Caption-style text data
---

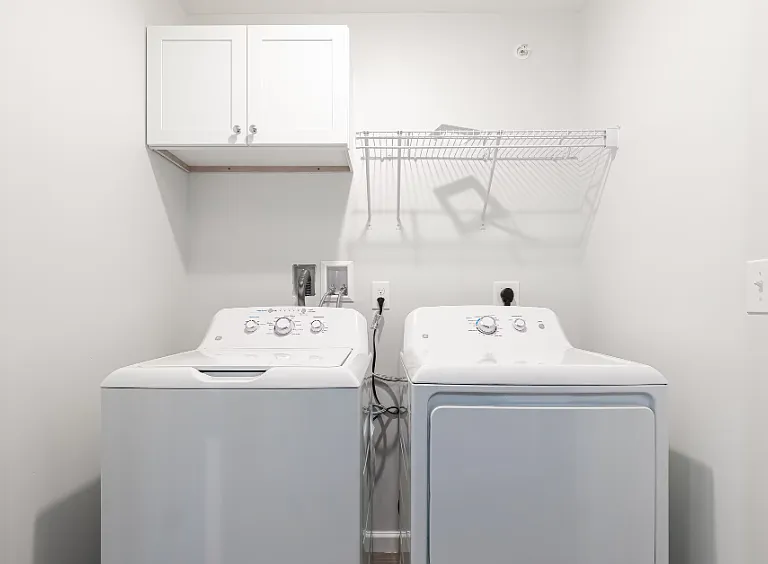 Residences at Berkshire Road — Photo 6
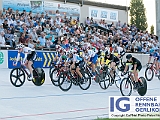 2017 08 29 OffeneRennbahn EliteFrauenUCI Scratch IGOR BD207894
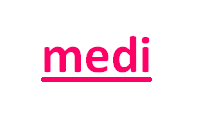 Medi UK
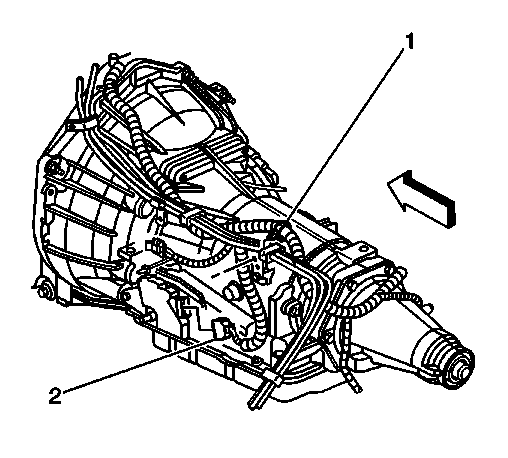 GM1284299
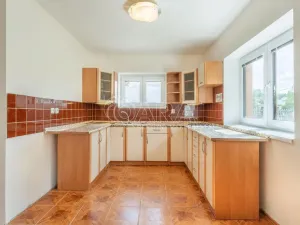 Prodej rodinného domu, Zvánovice, Třemblatská, 240 m2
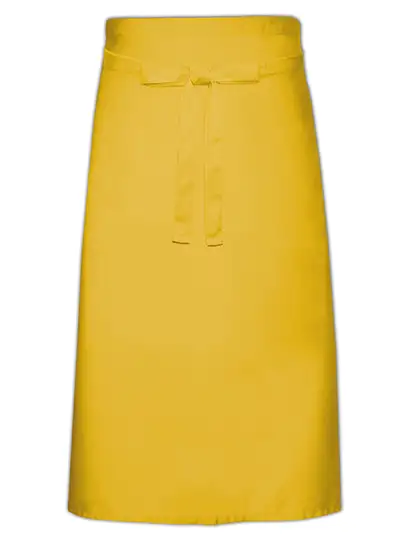Ansicht 14 – Cook´s Apron (X970)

---

■ Try it
The result should be an exact repetition of all the records. Drop the pictures.

■ Result of this exercise
 Residences at Berkshire Road — Photo 6
 2017 08 29 OffeneRennbahn EliteFrauenUCI Scratch IGOR BD207894
 Medi UK
 GM1284299
 Prodej rodinného domu, Zvánovice, Třemblatská, 240 m2
Ansicht 14 – Cook´s Apron (X970)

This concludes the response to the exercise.